Fin novembre 2022, un petit événement a eu lieu, quelques jours après l’information que les mesures complémentaires sur le chien Curtis ne faisaient que confirmer la première expertise ; à savoir que la mâchoire de Curtis était compatible avec les morsures individualisables sur le corps d’Elisa Pilarski, décédée suite à des morsures de chien , le samedi 16 novembre 2019, en forêt de Retz.
En effet, Dany Lacroix, qui s’était chargée de la communication autour de Curtis depuis le retrait des Pages de « soutien à Elisa Pilarski », et du « Comité des droits de Curtis » , accompagnée de « Catherine Chiara » (nom d’emprunt en référence à Catherine Deneuve et sa fille Chiara Mastroiani) annonçait qu’elle allait être absente de Facebook pendant quelques temps et qu’elle ne rédigerait plus de posts concernant Curtis.
Cette absence n’en fut pas une, mais c’est plutôt Catherine Chiara qui prend maintenant la plume, s’affichant toutefois toujours avec Dany Lacroix.
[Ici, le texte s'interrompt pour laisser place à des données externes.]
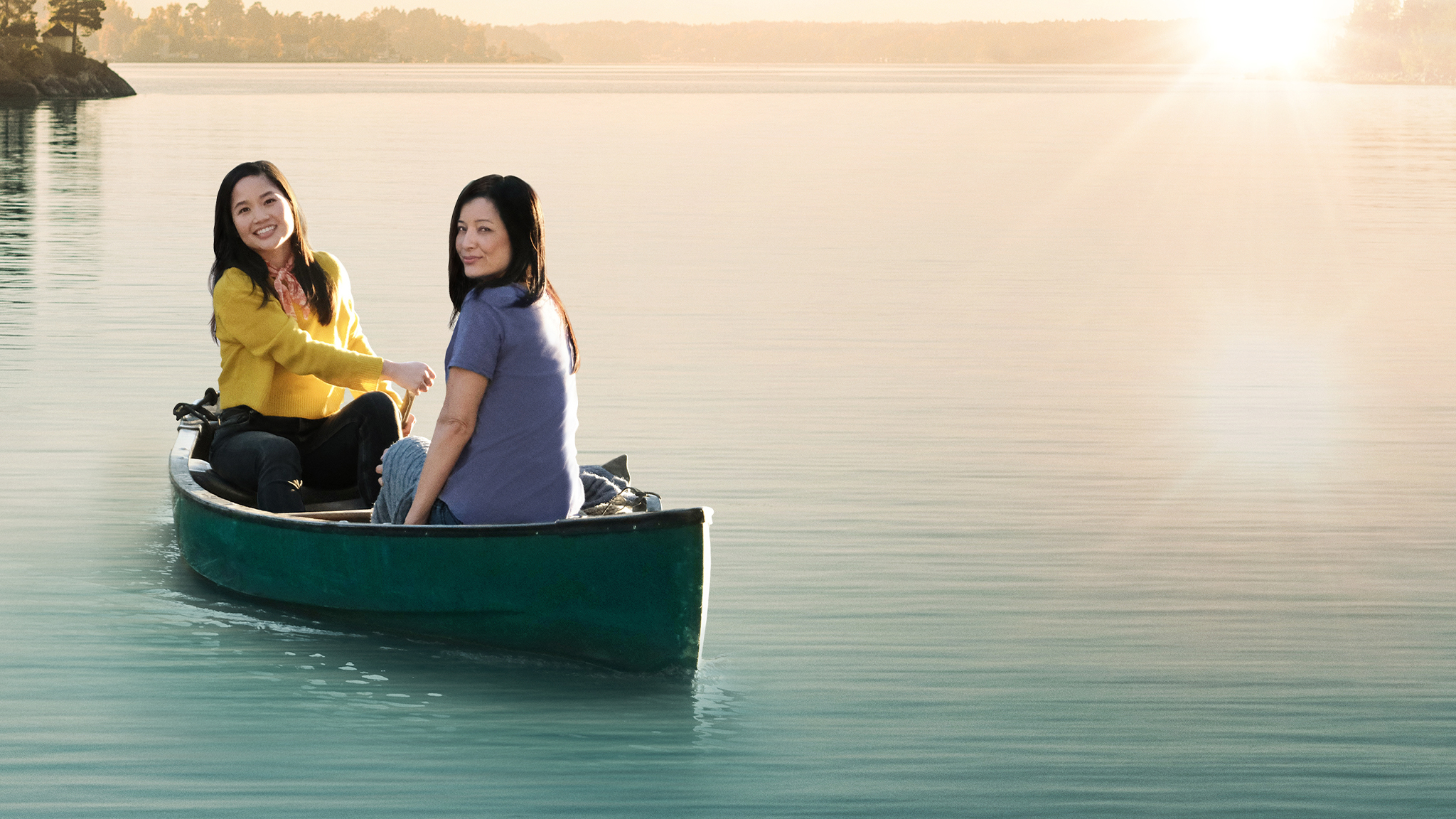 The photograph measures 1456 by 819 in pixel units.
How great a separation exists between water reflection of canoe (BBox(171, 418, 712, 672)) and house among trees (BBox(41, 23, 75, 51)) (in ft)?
293

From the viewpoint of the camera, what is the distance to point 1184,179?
3278 centimetres

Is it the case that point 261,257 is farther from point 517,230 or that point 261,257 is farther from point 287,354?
point 517,230

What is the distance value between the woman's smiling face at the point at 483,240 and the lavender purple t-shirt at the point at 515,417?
8 centimetres

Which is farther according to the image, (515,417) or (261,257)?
(261,257)

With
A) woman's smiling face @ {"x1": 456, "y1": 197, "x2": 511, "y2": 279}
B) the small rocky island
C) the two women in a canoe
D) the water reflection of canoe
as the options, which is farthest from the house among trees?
woman's smiling face @ {"x1": 456, "y1": 197, "x2": 511, "y2": 279}

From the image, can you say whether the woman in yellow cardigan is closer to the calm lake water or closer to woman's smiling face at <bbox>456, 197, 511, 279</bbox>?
the calm lake water

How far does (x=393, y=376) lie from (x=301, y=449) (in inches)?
29.1

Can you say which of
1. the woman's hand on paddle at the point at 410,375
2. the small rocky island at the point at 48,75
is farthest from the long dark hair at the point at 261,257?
the small rocky island at the point at 48,75

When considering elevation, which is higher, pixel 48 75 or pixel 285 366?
pixel 48 75

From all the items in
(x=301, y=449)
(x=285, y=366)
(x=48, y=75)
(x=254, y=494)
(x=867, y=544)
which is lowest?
(x=867, y=544)

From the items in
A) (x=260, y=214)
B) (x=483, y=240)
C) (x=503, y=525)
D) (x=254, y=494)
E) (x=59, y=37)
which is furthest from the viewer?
(x=59, y=37)

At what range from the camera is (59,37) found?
8812cm

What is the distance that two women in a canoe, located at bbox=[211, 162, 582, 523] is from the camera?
5.13 metres

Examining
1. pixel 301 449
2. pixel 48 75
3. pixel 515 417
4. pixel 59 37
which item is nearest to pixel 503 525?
pixel 515 417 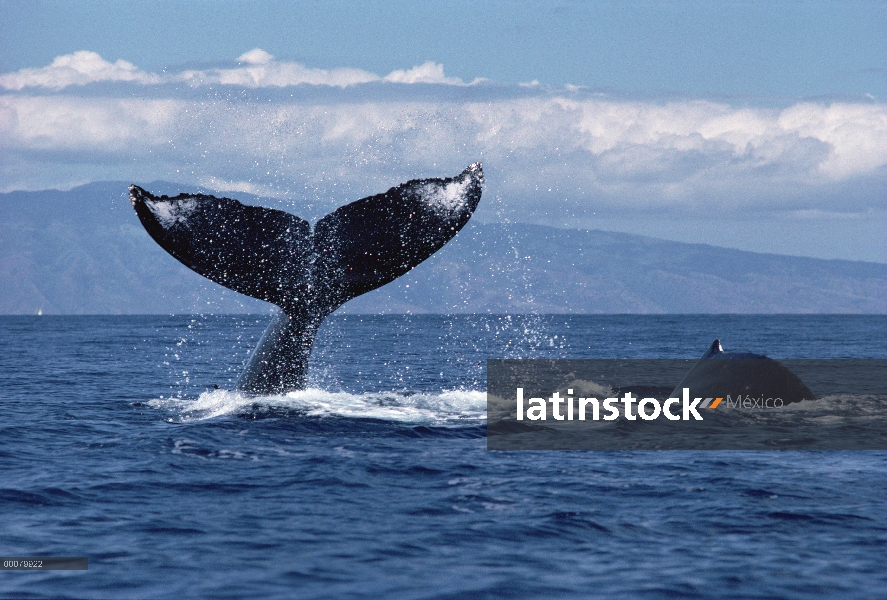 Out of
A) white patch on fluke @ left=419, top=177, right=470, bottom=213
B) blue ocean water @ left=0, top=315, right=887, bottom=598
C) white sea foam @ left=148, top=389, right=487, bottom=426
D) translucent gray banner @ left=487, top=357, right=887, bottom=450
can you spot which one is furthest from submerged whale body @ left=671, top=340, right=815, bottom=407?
white patch on fluke @ left=419, top=177, right=470, bottom=213

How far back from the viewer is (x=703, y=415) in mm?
14477

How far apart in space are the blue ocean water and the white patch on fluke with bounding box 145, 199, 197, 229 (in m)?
2.44

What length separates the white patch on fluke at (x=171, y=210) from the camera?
10.2 m

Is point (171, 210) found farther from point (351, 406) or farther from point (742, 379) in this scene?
point (742, 379)

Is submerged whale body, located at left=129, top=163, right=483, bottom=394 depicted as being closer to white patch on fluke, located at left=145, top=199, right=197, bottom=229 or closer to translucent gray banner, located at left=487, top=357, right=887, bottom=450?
white patch on fluke, located at left=145, top=199, right=197, bottom=229

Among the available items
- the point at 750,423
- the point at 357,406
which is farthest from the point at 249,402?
the point at 750,423

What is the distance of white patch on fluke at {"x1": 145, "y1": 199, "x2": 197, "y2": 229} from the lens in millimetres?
10227

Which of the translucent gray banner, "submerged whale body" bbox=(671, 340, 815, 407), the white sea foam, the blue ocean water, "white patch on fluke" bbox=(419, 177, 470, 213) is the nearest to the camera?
the blue ocean water

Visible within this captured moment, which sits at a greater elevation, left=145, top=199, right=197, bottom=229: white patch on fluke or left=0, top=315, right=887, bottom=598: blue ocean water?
left=145, top=199, right=197, bottom=229: white patch on fluke

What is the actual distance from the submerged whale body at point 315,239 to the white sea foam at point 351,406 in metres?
1.50

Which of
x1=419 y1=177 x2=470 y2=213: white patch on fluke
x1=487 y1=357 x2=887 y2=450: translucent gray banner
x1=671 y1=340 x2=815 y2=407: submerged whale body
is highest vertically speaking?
x1=419 y1=177 x2=470 y2=213: white patch on fluke

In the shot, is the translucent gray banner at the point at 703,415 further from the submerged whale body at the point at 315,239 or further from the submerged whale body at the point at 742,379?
the submerged whale body at the point at 315,239

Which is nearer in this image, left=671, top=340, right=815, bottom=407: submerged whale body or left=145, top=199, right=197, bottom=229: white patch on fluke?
left=145, top=199, right=197, bottom=229: white patch on fluke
Revenons sur la genèse du traitement si particulier réservé à la jeune Béarnaise décédée il y a maintenant 3 ans, que ce soit dans les médias ou les réseaux sociaux.
Un triangle amoureux
C’est l’histoire d’un triangle amoureux entre les médias, les réseaux sociaux et le clan Ellul, une histoire où la limite ténue entre amour et haine a fait d’un accident dramatique un fait divers exceptionnel au sens littéral du terme : l’affaire Elisa Pilarski.
De l'impossible deuil à la médiatisation
La nuit du 16/11/2019 au 17/11/2019, la vie de Nathalie Pilarski et de Vincent Labastarde s’est arrêtée. La perte d’un être cher est toujours difficile, mais quand il s’agit de sa fille unique (ou que l’on considère ainsi) ; la souffrance est éternelle : on n’est jamais prêts à perdre son enfant. Mais, cette nuit-là, ils sont loin de se douter qu’on allait , de plus, les priver de la quiétude nécessaire à faire leur deuil : médias, associations de protection animale, associations anti-chasses, appels anonymes se succèderont pour troubler leur tranquillité.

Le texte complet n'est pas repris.